Caelte inclined his head to her. “I will sing.” He unslung his harp, Gladys began the song. Caelte’s voice had changed as he aged. It was deeper and had more volume. It no longer rose high and melodious to mingle with bird song and wind but forced itself against rock and pillars and the deaf, hard ears of the city. Until tonight the city had remained impervious to its music, but this song carried with it its own magic. Gladys stood and swayed, humming it softly with him. The empress crossed her legs and sat back, watching. Claudius craned to catch each tone, for though he could not understand the words, the subtle weaving of the tune fascinated him. Nero was plainly impressed. He watched Caelte’s long fingers pluck the harp and he held his head to one side. The last note was high, plaintive, an unresolved question, a gentle plea, and Caelte closed his mouth, stiffening against the snickers he believed would come, but the Greeks looked at him blankly as Gladys went to him and kissed him.

“Thank you,” she whispered. “I will not ask such a hard thing of you again.” Agrippina applauded briefly, uncomfortably, moved for one fleeting moment. The emperor stopped blowing his nose.

“That was good,” he commented without hesitation. “Come and sing it to me tomorrow.” Caelte opened his mouth to refuse, but Gladys imperceptibly shook her head. By tomorrow the emperor would have forgotten the song. Nero sat up.

“I think I could sing it better,” he announced. “Teach it to me. Show me the notes on my own harp. What manner of song is it?”

“It is a love song,” Caelte replied. “A very magical and mysterious song. I do not think that it would be safe for you to sing it, young sir, even if you could learn the words. It belongs only to my people.”

“Oh. Well, I want nothing to do with spells, and for a love song it sounds a bit gloomy. I prefer something more robust when I sing of love. You can go away now.”

Gladys did not resume her seat but went to Claudius and put her arms about his neck.

“Emperor,” she said in his ear. “I think my mother and father want to go home now, and I should go also. Have I leave?”

“I like dutiful women,” he said, beginning to stutter again. “Of course you have leave. I may send for you tomorrow.” She kissed his wrinkled cheek, bowed to Agrippina, and walked to where Caradoc and Eurgain were already walking back under the dark height of the dome, Caelte and the slaves behind them. Moving in the air, she realized she was drenched in sweat.

They emerged onto the terrace that swept down, losing itself in the dusk. They stood for a moment looking over the city while a slave went to summon their litter-bearers. No one spoke. Gladys began to shiver although the night was warm, and Eurgain folded her arms and kept her eyes on the ground. People came and went around them, occasionally calling a greeting, but not even Caelte could summon a word. The litters arrived, but before they could be seated a messenger came hurrying from the torchlit caverns behind them.

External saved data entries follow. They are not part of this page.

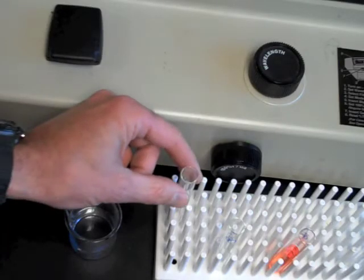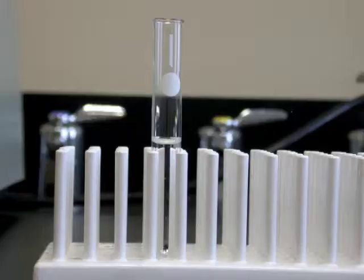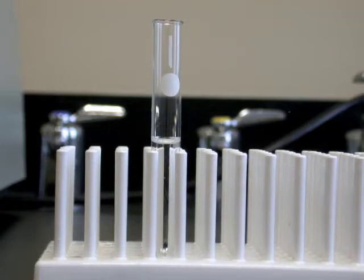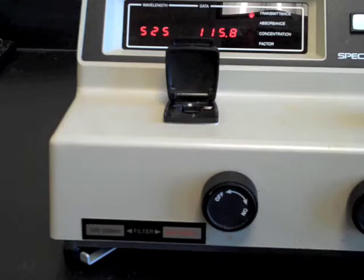Pour whatever solvent or buffer has been used to make the standard solutions of the analyte into a cuvette. This solution should contain all of the reagents in the standard solutions with the exception of the analyte. This is known as a blank solution. Today our blank is deionized water.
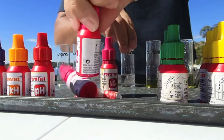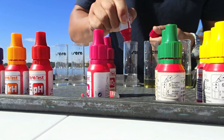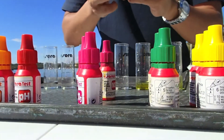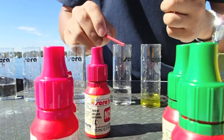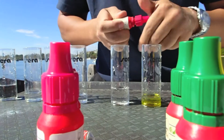The nitrite is 5ml. And with the nitrite, it comes with a powder, so you just put a scoop of this. The more reliable test kits will have more reagents for any particular test.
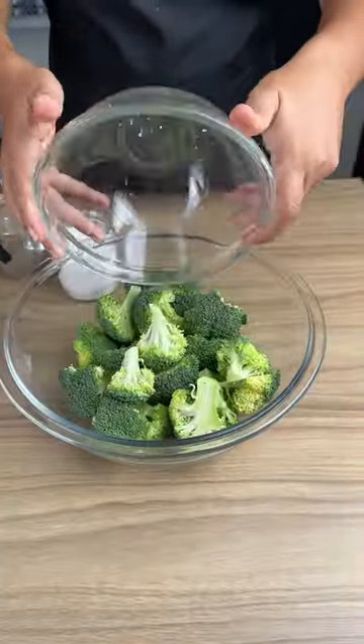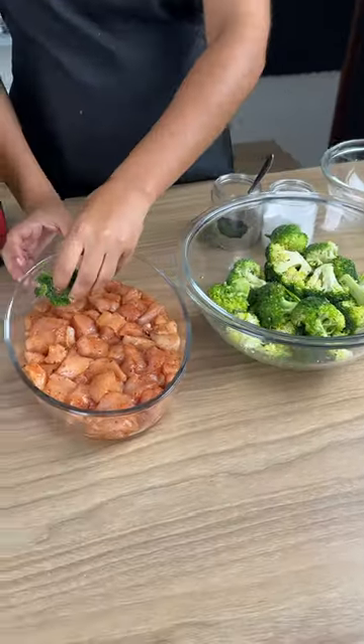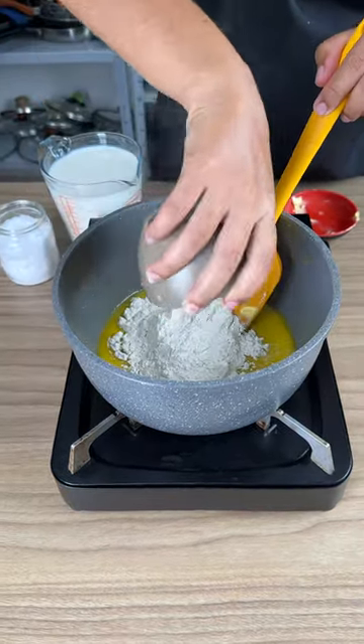500 grams of broccoli, one teaspoon of salt, one teaspoon black pepper, three tablespoons of olive oil. Add the broccoli pieces on top, add one and a half tablespoons of margarine, and add 70 grams of flour.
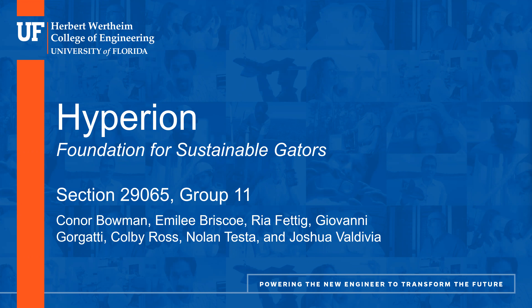Our design was created by the following group: Connor Bowman, Emily Briscoe, Rhea Fettig, Giovanni Gorgatti, Colby Ross, Nolan Testa, and me, Joshua Valdivia.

“The empress wishes to see you in her own rooms,” he told Caradoc. “Follow me, please.”

“Father, be careful,” Gladys began, but he kissed her and settled her on her litter.

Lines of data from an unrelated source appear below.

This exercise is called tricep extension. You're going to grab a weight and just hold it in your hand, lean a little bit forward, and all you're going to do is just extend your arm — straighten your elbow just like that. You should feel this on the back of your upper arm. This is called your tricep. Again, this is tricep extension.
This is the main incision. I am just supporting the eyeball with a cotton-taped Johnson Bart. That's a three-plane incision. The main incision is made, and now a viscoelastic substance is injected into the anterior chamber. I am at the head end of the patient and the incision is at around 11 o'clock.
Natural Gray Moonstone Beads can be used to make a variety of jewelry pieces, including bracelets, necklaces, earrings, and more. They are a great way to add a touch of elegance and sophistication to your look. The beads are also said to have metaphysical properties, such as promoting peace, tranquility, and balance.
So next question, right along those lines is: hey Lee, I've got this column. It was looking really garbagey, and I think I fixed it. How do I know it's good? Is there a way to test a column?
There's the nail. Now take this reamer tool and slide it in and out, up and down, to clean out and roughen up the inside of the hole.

“Go straight home,” he said evenly to Eurgain. “I will not be long.”

“It is about Gladys this time,” she replied quietly. “There is nothing that terrible woman does not know. Are you armed?”

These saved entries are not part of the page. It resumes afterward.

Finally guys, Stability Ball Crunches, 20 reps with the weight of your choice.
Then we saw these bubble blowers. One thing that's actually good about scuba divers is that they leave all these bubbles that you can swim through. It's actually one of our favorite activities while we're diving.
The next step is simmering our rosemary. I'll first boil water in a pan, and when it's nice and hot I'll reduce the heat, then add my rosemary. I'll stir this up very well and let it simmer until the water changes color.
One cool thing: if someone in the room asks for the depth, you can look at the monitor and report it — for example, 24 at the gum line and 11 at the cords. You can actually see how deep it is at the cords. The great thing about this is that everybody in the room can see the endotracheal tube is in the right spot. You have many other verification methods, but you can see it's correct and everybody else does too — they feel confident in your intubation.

“I have my knife. Don’t worry. If she wanted to harm me she would not have sent a message.”

Eurgain spoke curtly to the slaves and Caradoc watched them sway out of sight, Caelte striding beside Eurgain’s litter. He turned and paced after the messenger, who led him back inside, through a garden and the huge, still pool in the pillared atrium, up wide marble stairs lined with stiff troops and the garish flicker of torches, and they plunged into a maze of gleaming passages. Caradoc knew vaguely where he was. They climbed more stairs, silent now, far from the uproar in the dining hall, then abruptly came upon a broad, moon-splashed balcony with a high door to its right. The messenger knocked, bowed, and vanished.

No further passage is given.